(Input material begins)

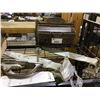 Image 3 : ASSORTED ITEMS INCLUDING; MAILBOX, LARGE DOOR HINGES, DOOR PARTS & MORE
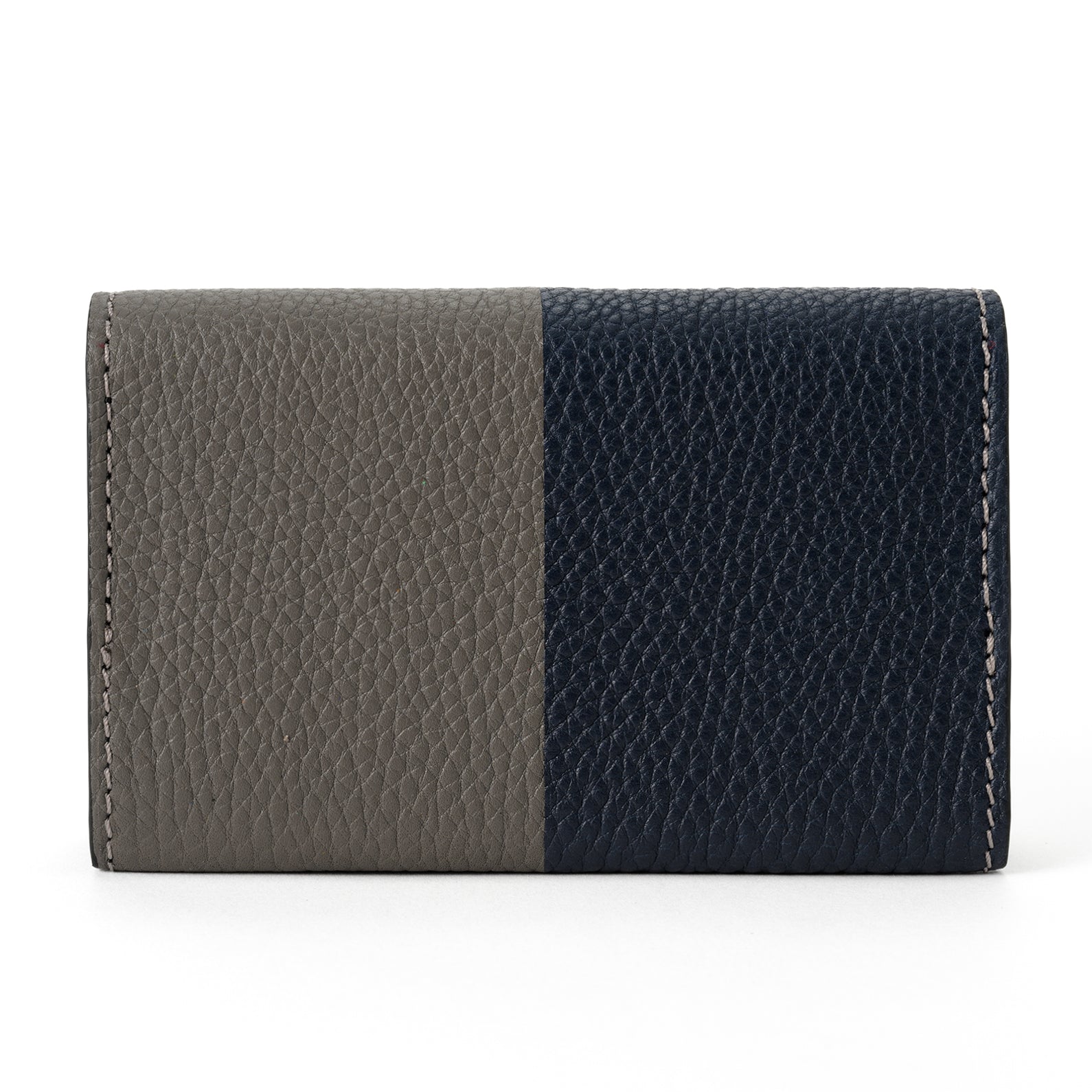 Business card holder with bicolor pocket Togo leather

(Input material ends)
(Input material begins)

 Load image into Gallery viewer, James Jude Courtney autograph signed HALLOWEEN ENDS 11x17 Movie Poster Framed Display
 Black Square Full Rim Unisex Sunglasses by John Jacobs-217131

(Input material ends)

(Task directions): Looking at the data above, return every line from the one with "Load image into" down to the one with "Black Square Full", exactly and inclusively.

(Response):
 Load image into Gallery viewer, James Jude Courtney autograph signed HALLOWEEN ENDS 11x17 Movie Poster Framed Display
 Black Square Full Rim Unisex Sunglasses by John Jacobs-217131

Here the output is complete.